▶ _What you are asked to do_
Transcribe word for word the lines below from the line with "Used 2023 Lexus" through the line with "Đại tướng Phạm", ends included.

▶ _Records for processing_
—————
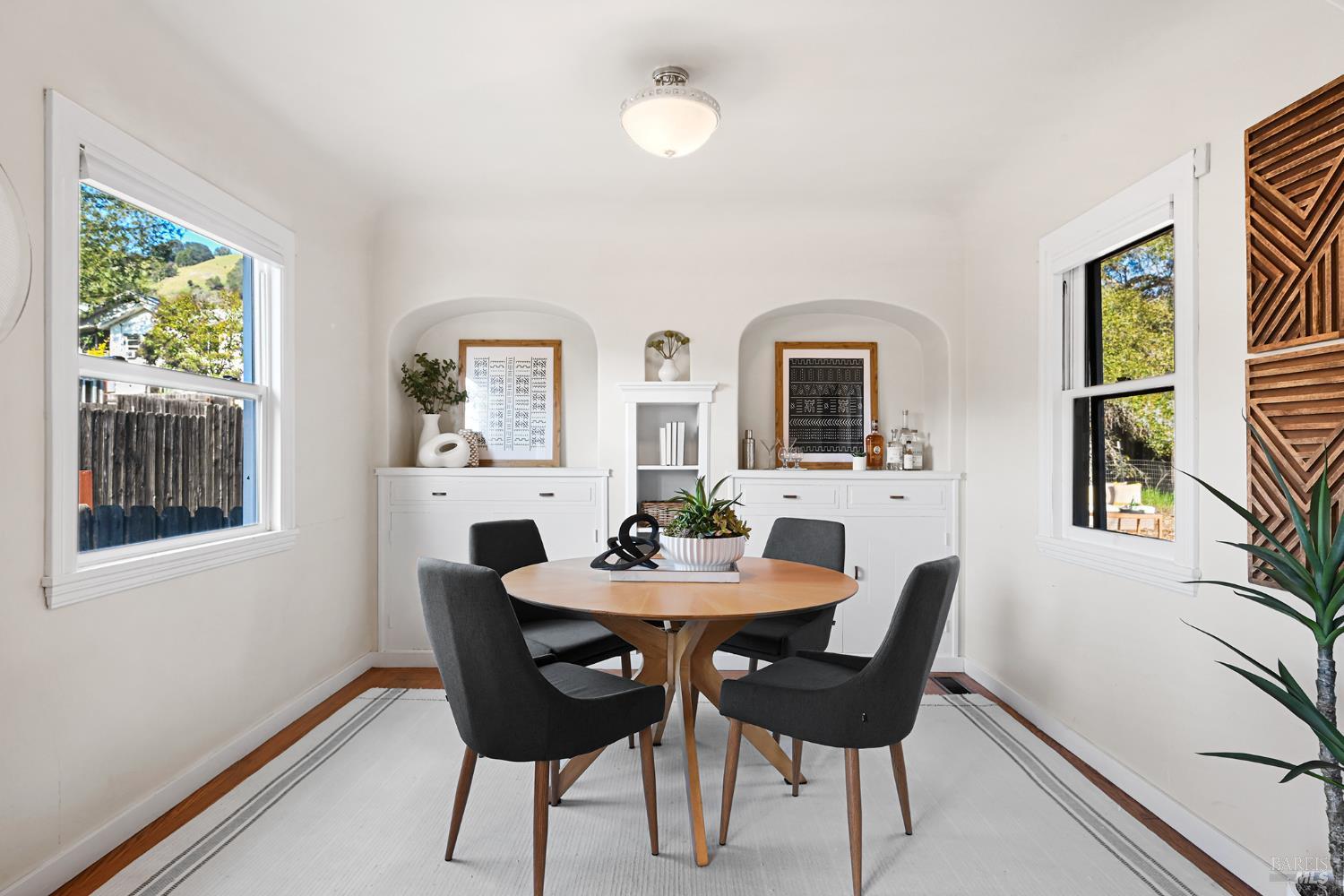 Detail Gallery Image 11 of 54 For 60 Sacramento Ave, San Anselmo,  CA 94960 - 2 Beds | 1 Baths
—————
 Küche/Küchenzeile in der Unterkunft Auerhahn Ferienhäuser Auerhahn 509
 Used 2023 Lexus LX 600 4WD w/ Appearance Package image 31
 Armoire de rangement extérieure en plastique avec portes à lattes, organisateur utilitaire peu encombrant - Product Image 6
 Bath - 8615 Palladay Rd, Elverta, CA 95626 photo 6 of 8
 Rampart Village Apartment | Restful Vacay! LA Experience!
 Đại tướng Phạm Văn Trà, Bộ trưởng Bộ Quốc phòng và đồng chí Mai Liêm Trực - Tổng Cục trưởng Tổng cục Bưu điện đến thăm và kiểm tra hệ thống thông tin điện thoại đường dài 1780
—————
▶ _Exercise solution_
 Used 2023 Lexus LX 600 4WD w/ Appearance Package image 31
 Armoire de rangement extérieure en plastique avec portes à lattes, organisateur utilitaire peu encombrant - Product Image 6
 Bath - 8615 Palladay Rd, Elverta, CA 95626 photo 6 of 8
 Rampart Village Apartment | Restful Vacay! LA Experience!
 Đại tướng Phạm Văn Trà, Bộ trưởng Bộ Quốc phòng và đồng chí Mai Liêm Trực - Tổng Cục trưởng Tổng cục Bưu điện đến thăm và kiểm tra hệ thống thông tin điện thoại đường dài 1780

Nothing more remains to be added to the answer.